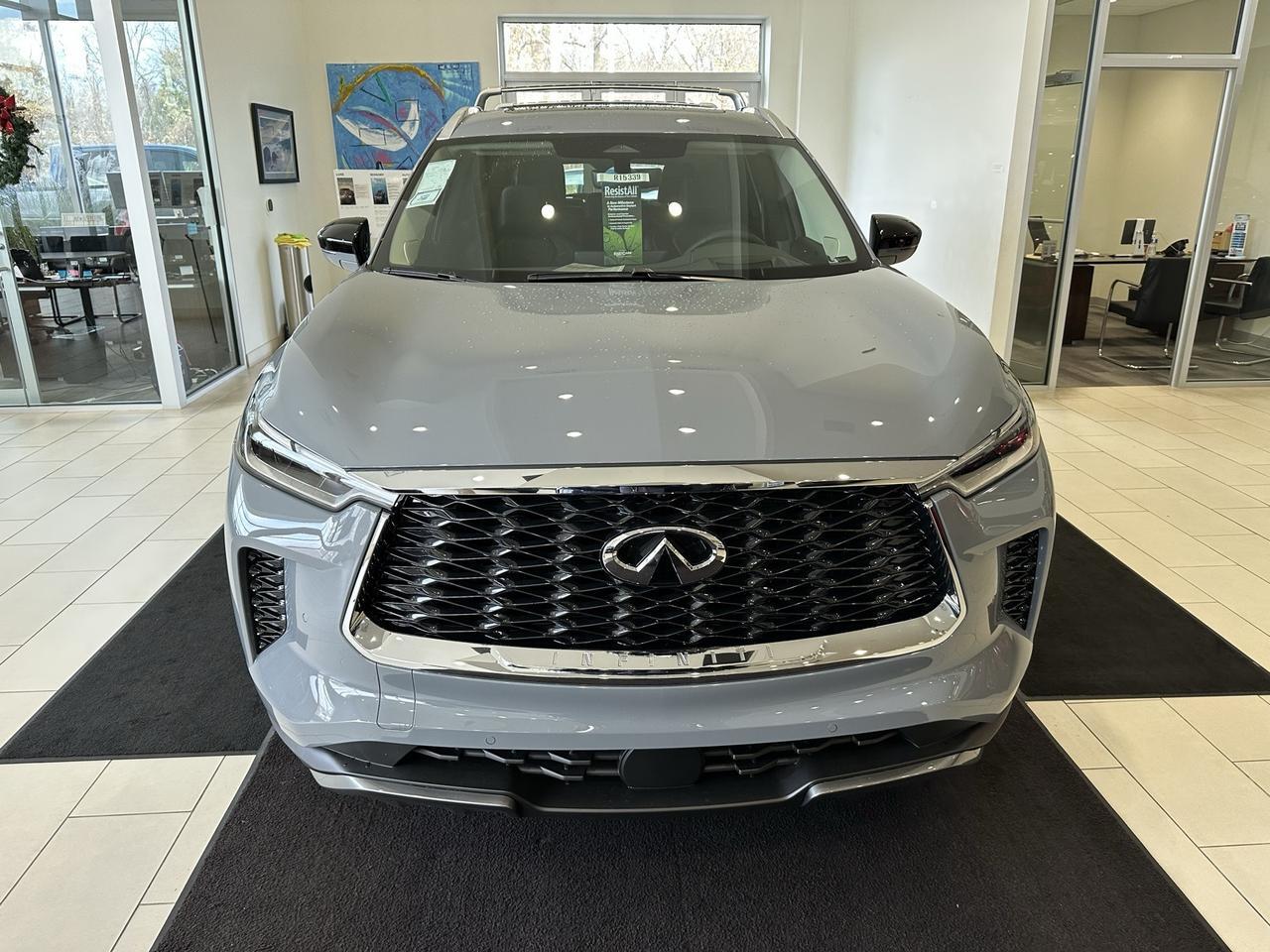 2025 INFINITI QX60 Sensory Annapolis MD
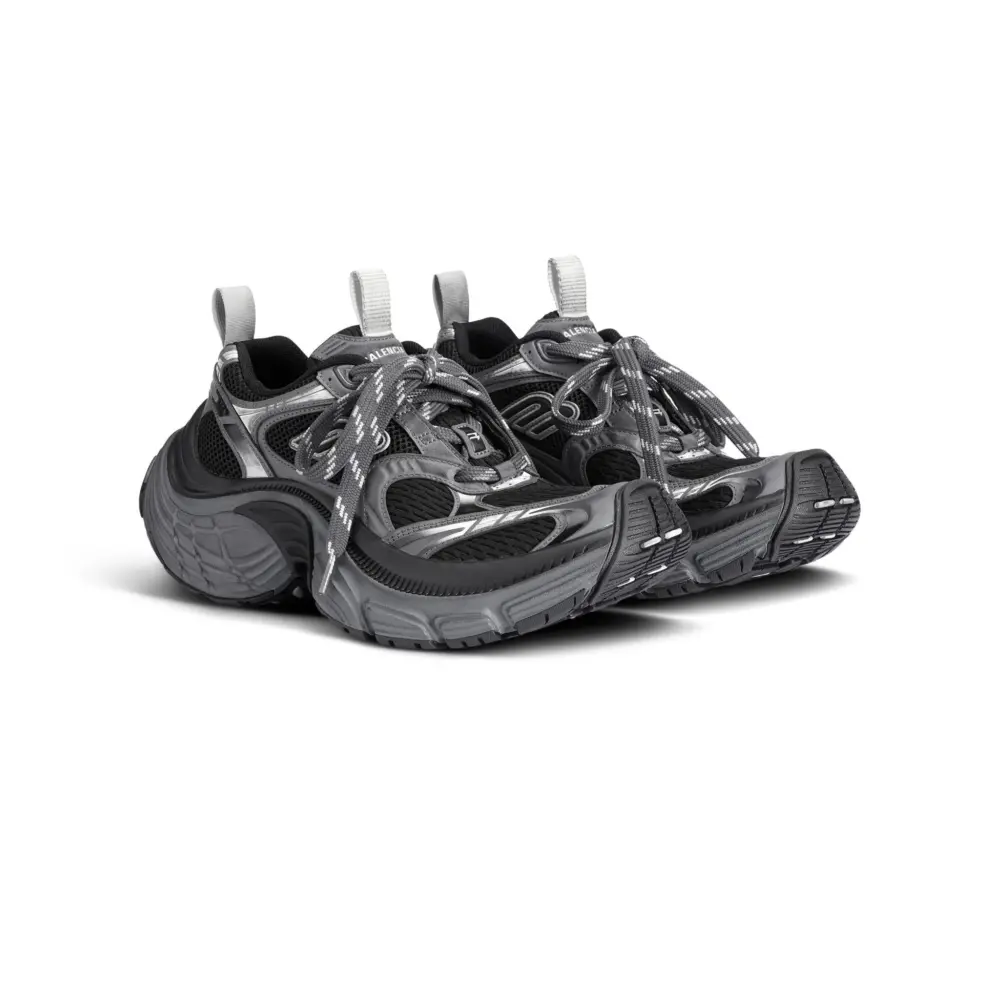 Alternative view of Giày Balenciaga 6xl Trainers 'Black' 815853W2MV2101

┄┄┄┄┄┄┄┄┄┄

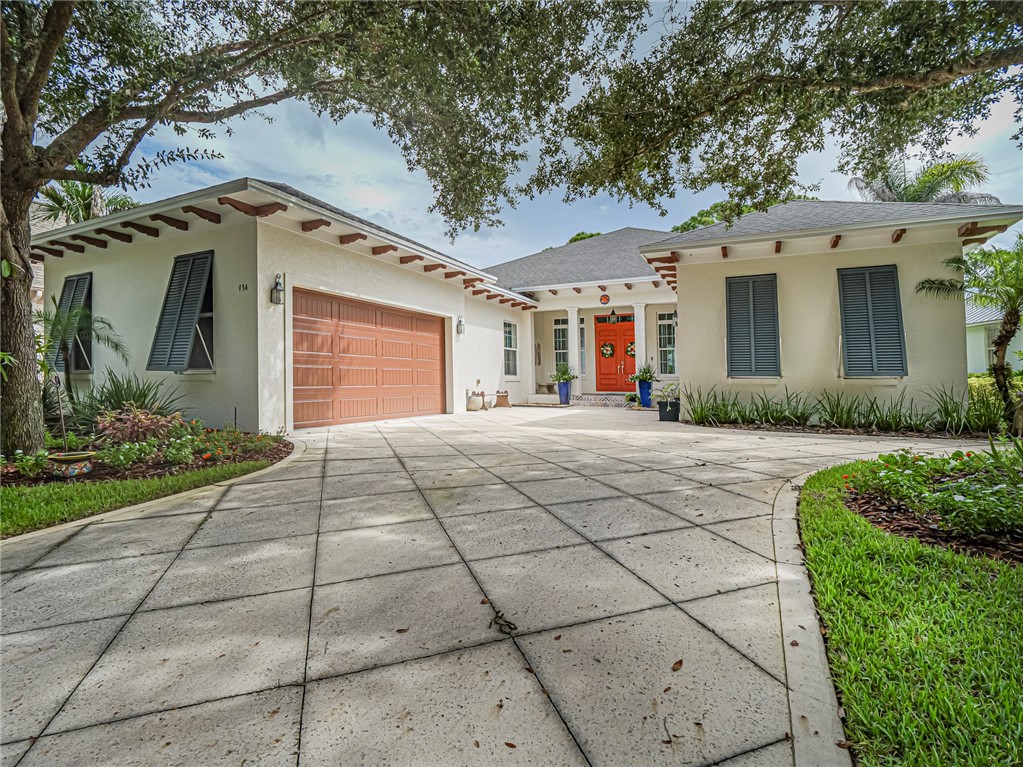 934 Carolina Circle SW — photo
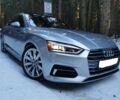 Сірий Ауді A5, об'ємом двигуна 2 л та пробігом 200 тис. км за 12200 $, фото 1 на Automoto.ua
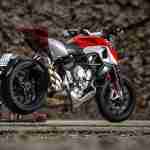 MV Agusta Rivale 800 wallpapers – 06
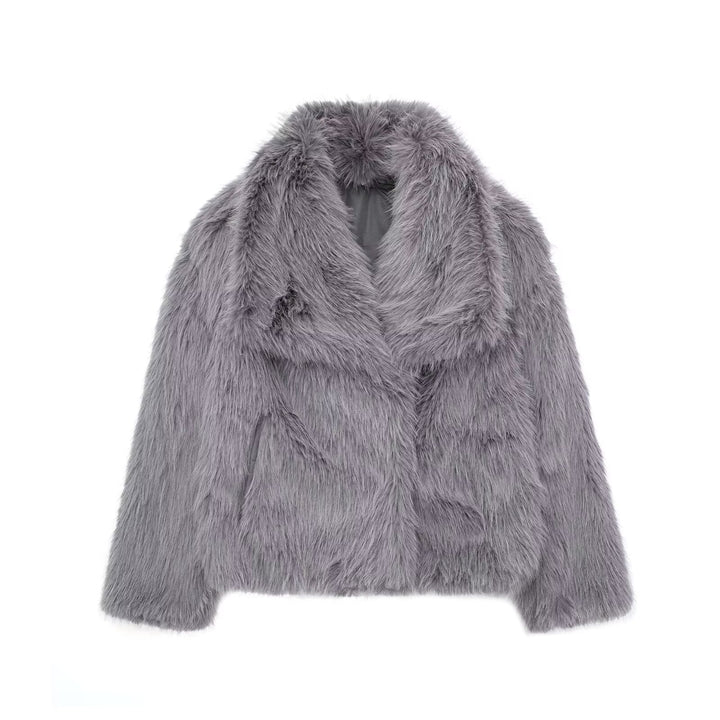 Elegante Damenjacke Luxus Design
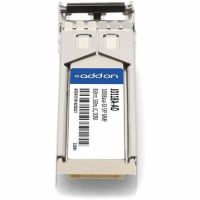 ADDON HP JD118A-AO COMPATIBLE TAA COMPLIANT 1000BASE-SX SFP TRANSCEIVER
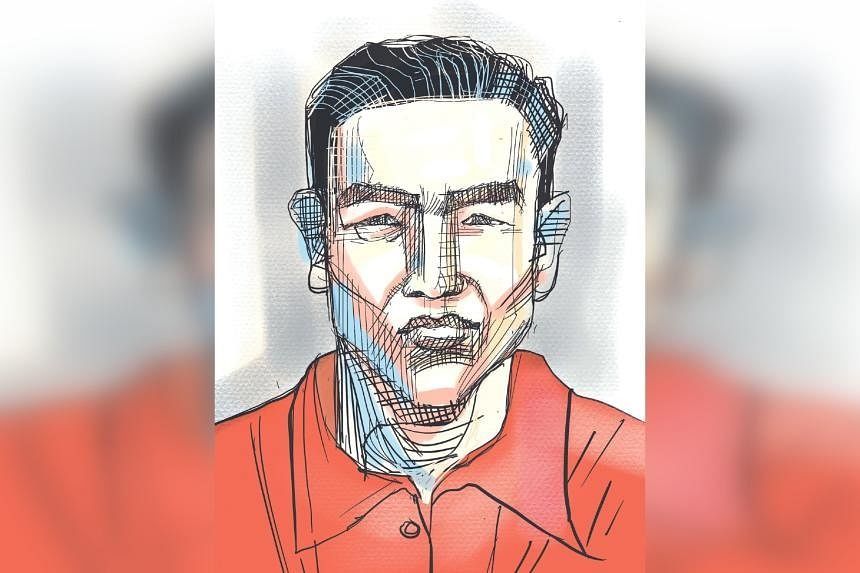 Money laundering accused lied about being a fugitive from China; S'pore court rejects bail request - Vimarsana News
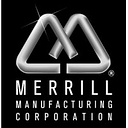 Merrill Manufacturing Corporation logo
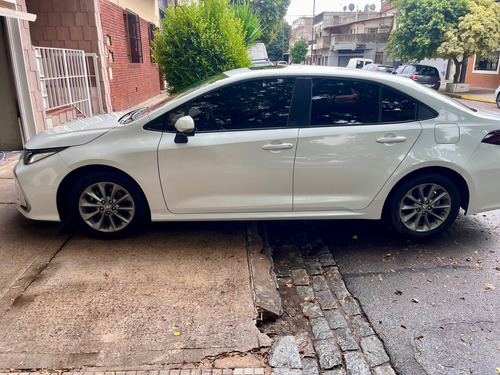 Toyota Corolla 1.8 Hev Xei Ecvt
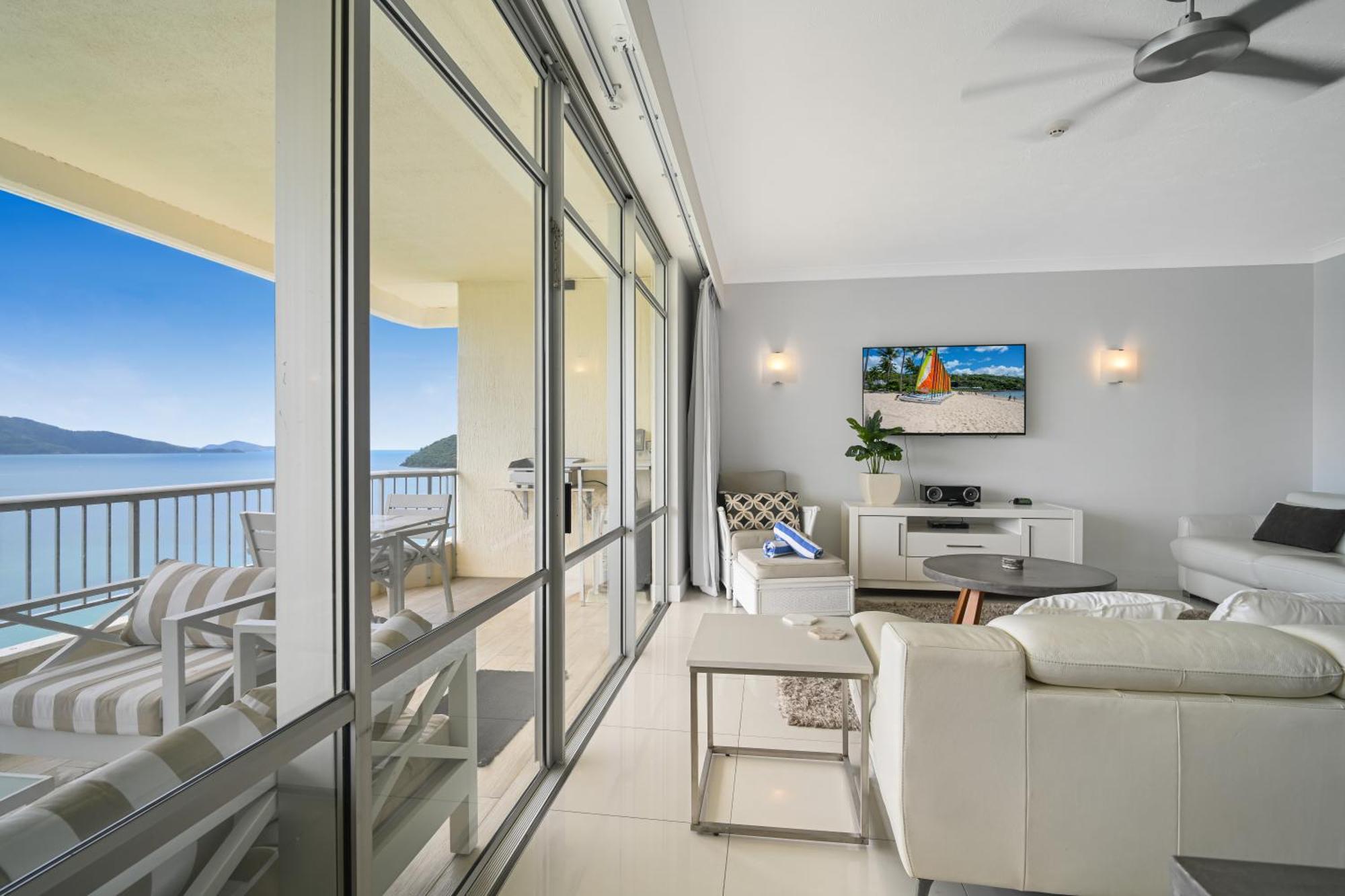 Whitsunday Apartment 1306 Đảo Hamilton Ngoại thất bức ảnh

┄┄┄┄┄┄┄┄┄┄

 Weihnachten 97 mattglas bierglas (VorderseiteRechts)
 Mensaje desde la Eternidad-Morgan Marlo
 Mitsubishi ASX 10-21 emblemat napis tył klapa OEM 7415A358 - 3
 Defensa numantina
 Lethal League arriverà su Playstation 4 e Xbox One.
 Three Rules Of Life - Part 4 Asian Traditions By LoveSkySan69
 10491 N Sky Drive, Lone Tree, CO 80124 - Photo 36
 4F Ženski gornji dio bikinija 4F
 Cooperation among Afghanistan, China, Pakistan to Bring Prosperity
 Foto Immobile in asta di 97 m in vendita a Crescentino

┄┄┄┄┄┄┄┄┄┄

Exercise aim: Within the listing above, locate the line containing "Three Rules Of" and the line containing "Foto Immobile in". Reproduce those two lines and all lines between them exactly, with nothing added.

Answer space:
 Three Rules Of Life - Part 4 Asian Traditions By LoveSkySan69
 10491 N Sky Drive, Lone Tree, CO 80124 - Photo 36
 4F Ženski gornji dio bikinija 4F
 Cooperation among Afghanistan, China, Pakistan to Bring Prosperity
 Foto Immobile in asta di 97 m in vendita a Crescentino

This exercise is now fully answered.